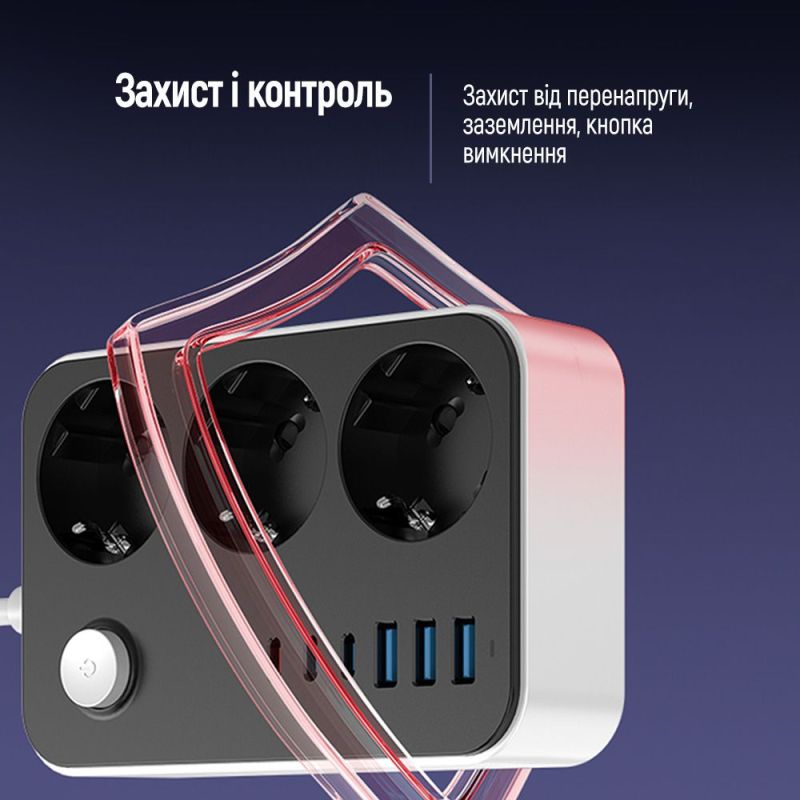 Фільтр живлення ColorWay 20W (3 USB-A + 3 TYPE-C) 3 розетки, 6 USB, 2 м, чорний (CW-CHE36PDB)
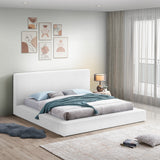 Terra White Boucle Fabric Full Bed TerraWhite-F Meridian Furniture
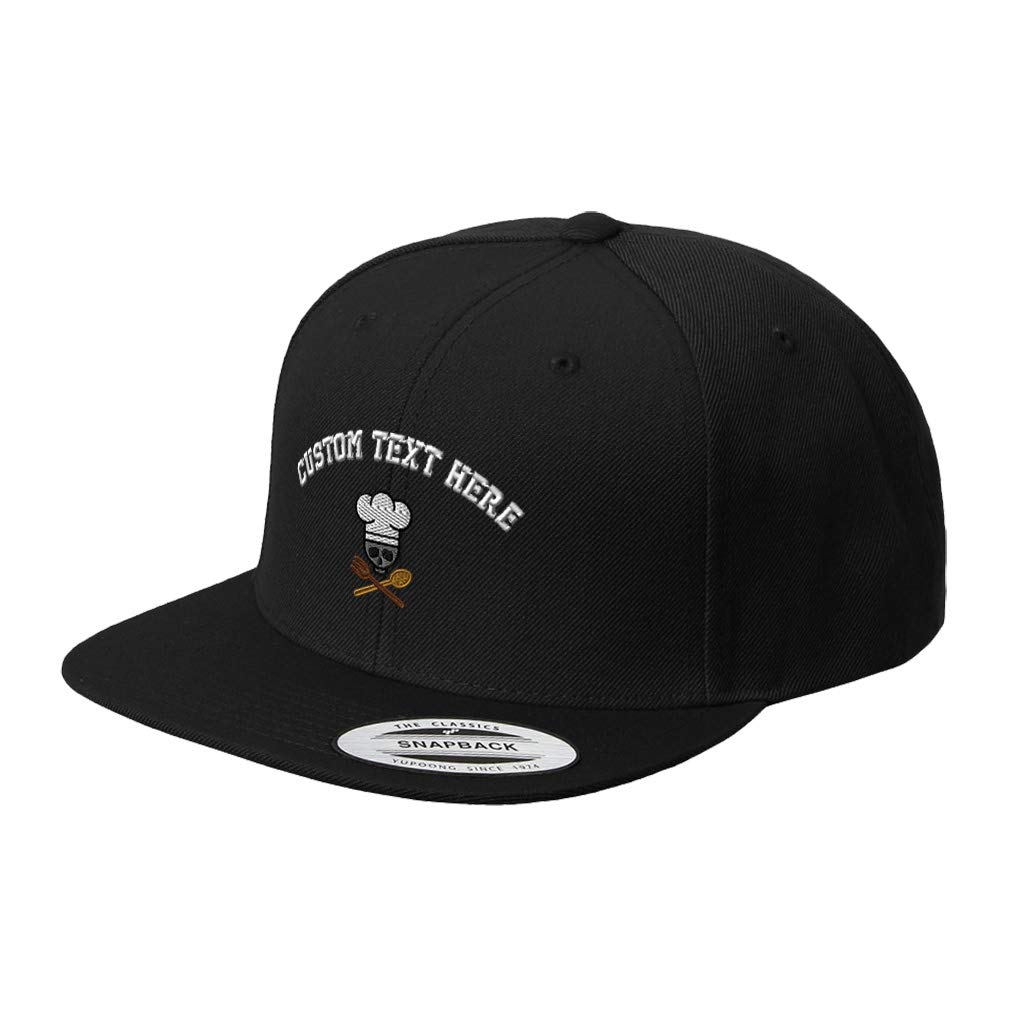 Custom Chef Skull & Utensils Embroidered Snapback Baseball Cap - Adjustable Acrylic Snaps for Cooking, BBQ, and Restaurant Professionals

**Work to be completed:** Nothing but an exact copy of the data above, minus its pictures, should appear in the response.

**Written solution:**
 Фільтр живлення ColorWay 20W (3 USB-A + 3 TYPE-C) 3 розетки, 6 USB, 2 м, чорний (CW-CHE36PDB)
 Terra White Boucle Fabric Full Bed TerraWhite-F Meridian Furniture
 Custom Chef Skull & Utensils Embroidered Snapback Baseball Cap - Adjustable Acrylic Snaps for Cooking, BBQ, and Restaurant Professionals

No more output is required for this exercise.